An diese Aktivität schließt nun im April eine gemeinsame Videokonferenz von Schülern und Lehrern aller vier Schulen an, während der die teilnehmenden Schüler ausloten, wie sie sich trotz der Pandemie wohlfühlen können. Parallel diskutieren sie auf der gemeinsamen Online-Plattform, wie sie sich angesichts der momentanen Probleme ihre Zukunft im Jahr 2050 vorstellen. Für diejenigen, die ihre Gedanken bildlich darstellen möchten, bietet der Earth Day am 22.04. die Möglichkeit, mittels Naturmaterialien ein Bild zu legen und den internationalen Partnern mittels eines Fotos die eigenen Vorstellungen zu diesem Thema zu vermitteln. 
Annette Breitbach-Ziegler

Bild oben: Emy und Simay aus der 6a mit ihren Masken zum International Day of Happiness 
Bild unten: Eintrag einer Schülerin im Pandemie-Tagebuch in Englisch

 


Dreams do not have to wear masks - Träume müssen keine Masken tragen

Projekt "eTwinning": Parkschule Essingen geht beim Fremdsprachenuntericht innovative Wege

„Träume müssen keine Maske tragen“ – unter diesem Motto nimmt die Klasse 6a der Parkschule Essingen an einem englischsprachigen eTwinning-Projekt teil, gemeinsam mit Partnern aus der Türkei, Griechenland und Litauen. Im Rahmen des Projekts erkunden die Sechstklässler ihre von der Pandemie und Masken geprägte Lebenswelt und loten gemeinsam mit ihren internationalen Partnerschülern aus, wie sich ihre Umgebung bis ins Jahr 2050 weiterentwickeln kann.

Dabei bietet eTwinning, das zum Erasmus+-Programm der Europäischen Union gehört, mit seinen mehr als 200000 Partnerschulen aus ganz Europa einen idealen Rahmen, um interessierten Schülern virtuelle Auslandserfahrungen zu ermöglichen. Adrian Jacuzzi, der sich sehr für neue Medien interessiert, fand den Umgang mit der Plattform zwar anfangs nicht ganz einfach, inzwischen ist es aber „richtig cool“ in seinen Augen. „Kontakte zu anderen Kindern knüpfen in diesen Coronazeiten finde ich richtig klasse“.
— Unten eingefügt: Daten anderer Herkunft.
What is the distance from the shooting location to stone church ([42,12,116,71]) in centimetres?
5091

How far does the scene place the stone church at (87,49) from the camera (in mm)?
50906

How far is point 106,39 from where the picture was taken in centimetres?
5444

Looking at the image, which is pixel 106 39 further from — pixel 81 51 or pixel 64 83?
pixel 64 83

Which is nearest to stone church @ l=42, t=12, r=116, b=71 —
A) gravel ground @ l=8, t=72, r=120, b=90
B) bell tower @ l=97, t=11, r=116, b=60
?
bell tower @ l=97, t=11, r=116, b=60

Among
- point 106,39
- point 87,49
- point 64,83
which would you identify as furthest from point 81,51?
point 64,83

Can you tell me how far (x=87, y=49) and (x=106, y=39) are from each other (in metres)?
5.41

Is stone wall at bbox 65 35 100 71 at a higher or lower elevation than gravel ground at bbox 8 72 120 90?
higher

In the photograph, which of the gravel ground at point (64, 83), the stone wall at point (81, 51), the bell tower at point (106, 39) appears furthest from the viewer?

In einem ersten Schritt stellen die Gemeinschaftsschüler aus Essingen nun sich selbst auf Englisch vor und erarbeiten in kleinen Gruppen ihre Lebensverhältnisse in Essingen bzw. in ihrem Heimatland Deutschland, um ihren Mitschülern aus den drei Partnerländern einen Eindruck zu vermitteln, wie sich ihr Alltag unter Pandemiebedingungen gestaltet. Gerade die Arbeit in kleinen Gruppen an verschiedenen Themen aus dem Alltag ermöglicht dabei die für die Gemeinschaftsschule typische Differenzierung und trägt dazu bei, dass die Sechstklässler auf ihrem Niveau in Englisch gefördert werden können.
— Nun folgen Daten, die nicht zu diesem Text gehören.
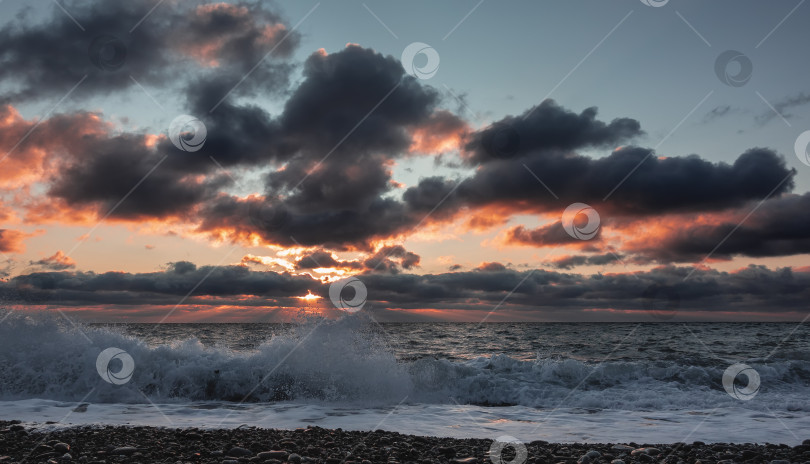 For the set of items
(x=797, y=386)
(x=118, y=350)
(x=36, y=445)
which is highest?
(x=118, y=350)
In einem zweiten Schritt erträumen sich die Schülerinnen und Schüler dann in multinationalen Teams, wie die Welt im Jahr 2050 aussehen könnte. „Ich finde es toll, dass man sich mit Menschen aus anderen Ländern unterhalten kann“, erklärt Sina Schäffler, Schülerin aus der 6a, und ihre Mitschülerin Solea Pflugbeil ergänzt: „Außerdem lernt man, sich auf Englisch zu verständigen.“

Neben der konkreten Arbeit an den Zukunftsvorstellungen beinhaltet das Projekt zum Safer Internet Day am 09. Februar auch eine Bewusstmachung, welche Regeln für das Verhalten im Internet gelten. Der Weltglückstag am 20. März wird Anlass für eine Reflexion bieten, was Glück für Schüler bedeutet und welche Rolle es im Jahr 2050 spielen kann in einer Welt, die die Sechstklässler aus Essingen sich in den nächsten Monaten erträumen werden – frei von jeder Maske.
Annette Breitbach-Ziegler


Das internationale Kollegium bei einer vorbereitenden Videokonferenz. Links oben Frau Breitbach-Ziegler, Lehrerin an der Parkschule.